Mate, i saw a video where they were throwing trash at him

He is a total smark killer - he goes out to get boo’d by smarks

Nobody is ‘cool’ cheering him

Fuck, he made a kid cry the other day


----------



## WhyTooJay (Aug 25, 2010)

Flippy shit is fine, if you actually know how to wrestle. Psychology, selling, story telling, etc. He's absolutely right that there are an abundance of athletes who rely solely on being able to wow you with acrobatics. Those guys should be in circuses or doing gymnastics or something. That doesn't make you a great wrestler.



Mordecay said:


> Can he even wrestle? Maybe he is not a fan because he can't do a flip. Honestly I haven't anyone talking about his wrestling abilities, so I am starting to think that he isn't that good.

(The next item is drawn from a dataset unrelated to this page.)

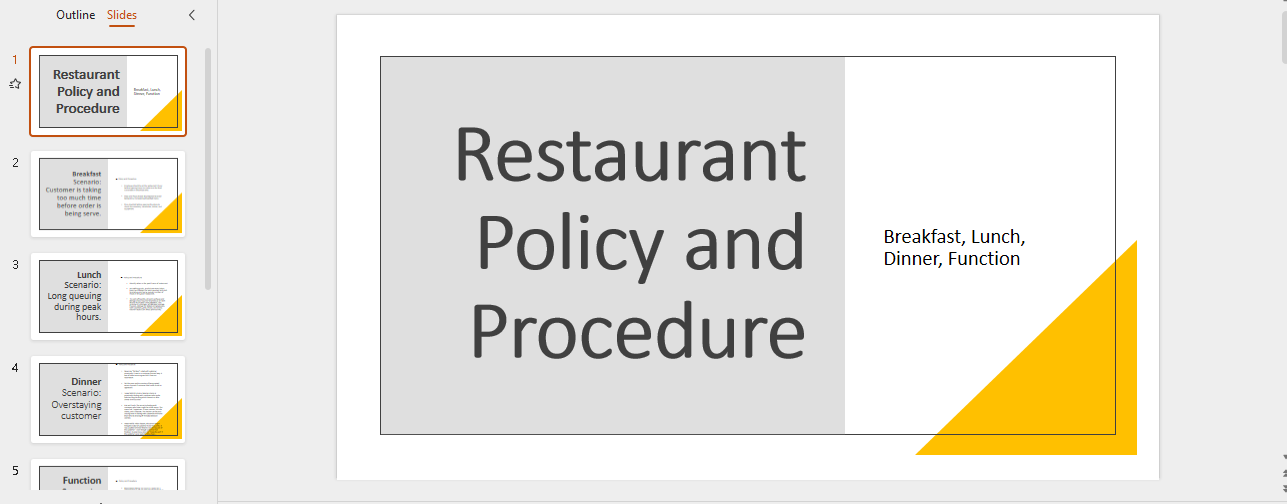 651428a1d2c9b.png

Watched a few of his matches recently. The guy has better ring psychology/crowd control than a lot of these 10-15 year indy vets who are beloved by hardcore fans but never got anywhere in mainstream wrestling.


----------



## Reggie Dunlop (Nov 2, 2015)

nWo4Lyfe420 said:


> He needs to keep it up so maybe future generations of wrestlers get a clue. The no psychology flippy shit needs to die.


You keep talking like the two are mutually exclusive. They're not. Yes, there are wrestlers who think the best matches are the most athletic and 'flippy' and don't know what psychology is, and those are the ones who give the 'flippy shit' a bad name. There are plenty of guys -- and women -- who know how to work greater athleticism with good psychology, and use it to help tell the story. Stop with this narrow-minded no-flip shit ... it's very tiring.

Face it, MJF is not a fan of anybody or anything that isn't MJF. As a proper heel should be.


----------



## Vic (Jan 2, 2010)

WhyTooJay said:


> Watched a few of his matches recently. The guy has better ring psychology/crowd control than a lot of these 10-15 year indy vets who are beloved by hardcore fans but never got anywhere in mainstream wrestling.


Mainstream wrestling died in 2005 son.


----------



## The XL 2 (Sep 13, 2016)

The high spot no psychology stuff has its place, but only in the midcard. Main event has to be real wrestling.


----------



## Greatsthegreats (Apr 15, 2015)

The XL 2 said:


> The high spot no psychology stuff has its place, but only in the midcard. Main event has to be real wrestling.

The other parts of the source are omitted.